FAQ: When the Forensic Work Feels Like Too Much

Q: What do I do when I feel completely stuck in the process?

A: Pause. Take a breath. Notice your body. Often what looks like stuckness is your body processing something beneath your awareness. Resist the urge to fix it immediately. Instead, observe. Remember, freedom is not the absence of constraint. It's the capacity to choose your relationship to it. That choice can come in stillness.

Q: How do I avoid getting overwhelmed by emotions during forensic inquiry?

A: Allow yourself to feel without trying to push it away or speed through it. The body’s wisdom is ancient and patient. You are not your thoughts. You might feel waves of discomfort, but these waves carry important information. As Gabor Maté often points out, trauma is stored in the body, and it requires time and attention to unwind.

The Complex PTSD Workbook (paid link) by Arielle Schwartz addresses the specific challenges of relational trauma - it's thorough without being overwhelming.

Q: Is it a failure if I regress or repeat old patterns?

A: Not at all. Regression is often a necessary part of going through, not going back. The body is completing interrupted patterns. Look gently at these moments; they are markers of progress, not defeat.

Closing Thoughts: The Tender Strength in Staying Present

To work with setbacks in the forensic process is to learn a new muscle - the muscle of radical patience combined with fierce presence.
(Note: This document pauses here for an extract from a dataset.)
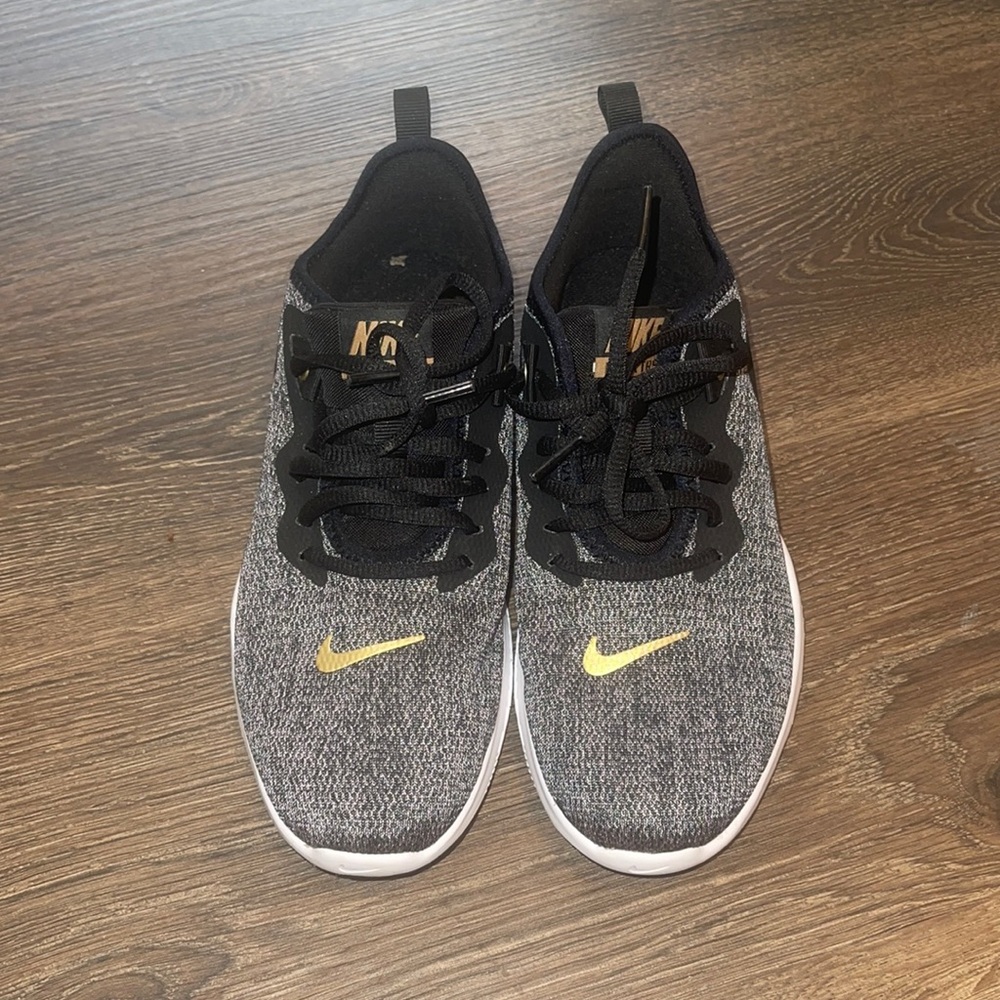 Nike Flex TR9 Sneaker size 6.5 New Without Tags            Make An Offer ☺️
In this space, you meet yourself not as the problem to solve, but as the unfolding mystery to witness. The invited tension between acceptance and action becomes a fertile ground for change that no quick fix can touch.

I've witnessed the quiet courage it takes to sit with difficulty without flinching, and how this very act begins to undo the patterns that once seemed immutable. The tenderness that arises is not a cheap kindness but an earned softness, a deep knowing that whatever unfolds is exactly what needs to be. It’s an invitation to befriend the unexpected, the uncomfortable, and in doing so gain a freedom rooted not in control, but in choice.